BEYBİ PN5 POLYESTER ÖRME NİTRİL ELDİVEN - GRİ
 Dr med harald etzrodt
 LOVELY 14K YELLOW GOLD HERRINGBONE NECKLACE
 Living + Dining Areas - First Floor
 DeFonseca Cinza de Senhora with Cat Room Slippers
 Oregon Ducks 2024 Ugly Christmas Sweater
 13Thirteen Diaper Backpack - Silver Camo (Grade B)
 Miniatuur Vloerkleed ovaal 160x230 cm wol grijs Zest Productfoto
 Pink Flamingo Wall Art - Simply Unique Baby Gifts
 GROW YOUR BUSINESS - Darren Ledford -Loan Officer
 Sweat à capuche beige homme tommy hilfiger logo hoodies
══════════════════════════════
▶ **WHAT TO DO**
Lines from the one that contains "Oregon Ducks 2024 Ugly Christmas Sweater" through the final line of the entries must be duplicated exactly, and no other lines.

▶ **REPLY**
 Oregon Ducks 2024 Ugly Christmas Sweater
 13Thirteen Diaper Backpack - Silver Camo (Grade B)
 Miniatuur Vloerkleed ovaal 160x230 cm wol grijs Zest Productfoto
 Pink Flamingo Wall Art - Simply Unique Baby Gifts
 GROW YOUR BUSINESS - Darren Ledford -Loan Officer
 Sweat à capuche beige homme tommy hilfiger logo hoodies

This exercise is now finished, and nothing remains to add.